The Second Saladin, it appears to me, marks a milepost on author Stephen Hunter’s journey toward finding his niche as a novelist. Some of the elements that will make his Bob/Earl Swagger books so compelling are already there, but he hasn’t yet shaken off a tendency to demonstrate his realism through grim pessimism.
Nevertheless, I found it a compelling book. Though published in 1982 and set in that same time period, the centrality of Kurdistan to the plot makes the whole business remarkably relevant more than two decades later.
Back in the 1970s, the CIA sent agents to train and supply Kurdish insurgents who were trying to throw off Iraqi rule.
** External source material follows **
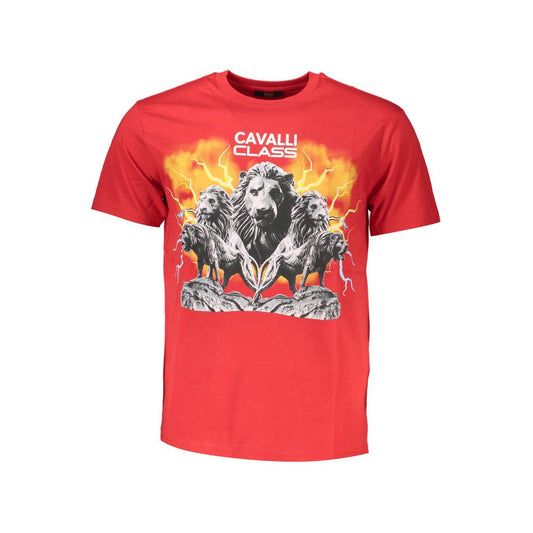 Camiseta de algodón roja Cavalli Class para hombre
Then, due to changes in the international geopolitical situation, the support was pulled. The Kurds were left to fend for themselves, a development they’d seen many times before.
Leading the CIA operation (in this story) was a legendary American operative named Paul Chardy. He grew close to a Kurdish leader named Ulu Beg, and saved his son’s life, in return for which Ulu Beg swore him brotherhood. He also fell in love with an American woman named Johanna, a do-gooder who’d gone to Kurdistan to change the world and found herself in over her head.
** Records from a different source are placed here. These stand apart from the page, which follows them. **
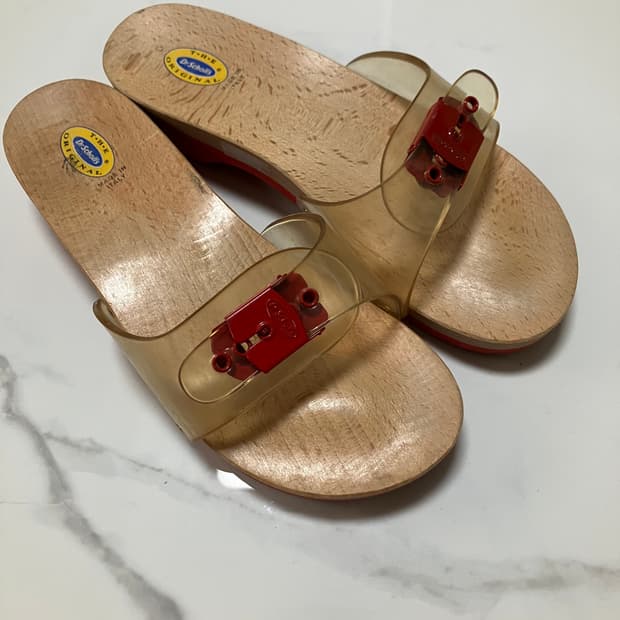 Y2K 2000s 닥터숄 우든힐 슬라이드 투명 클로그 샌들 빈티지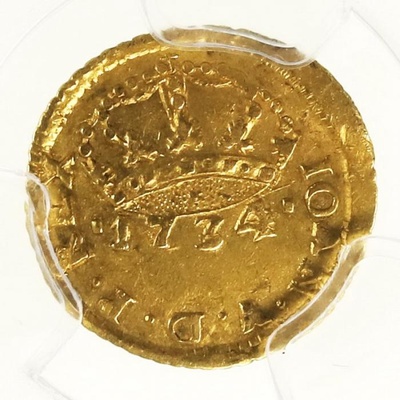 ブラジル 1734M 400レイス金貨　ジョアン5世　PCGS Genuine AU鑑定
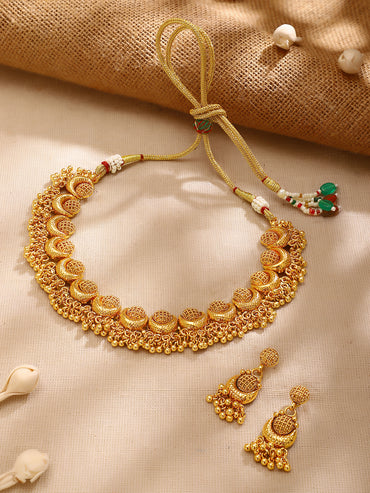 Gold Plated Shell Bead Fringe Jhumka Jewellery Set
Then the betrayal came. Betrayal all around. Ulu Beg’s people were massacred, and Chardy was captured and tortured by the Russians.
As this book begins, Ulu Beg enters the United States on a mission of vengeance, trained and supplied by agents of shadowy forces.
And Paul Chardy, now emotionally broken and retired, is called out of his quiet life to intercept him.
His first task—to find Johanna and talk her into helping him stop their old friend.
You can pretty much predict how this book ought to turn out, but you’d probably be mistaken. The whole thing gets very convoluted, secret on secret, betrayal on betrayal. In fact, I’d say Hunter kinks the twists a little too tightly, forcing so many direction changes (and killing off so many sympathetic characters) that the story loses momentum.
Still, I enjoyed it quite a lot.
But I didn’t come away from it in a cheerful state of mind.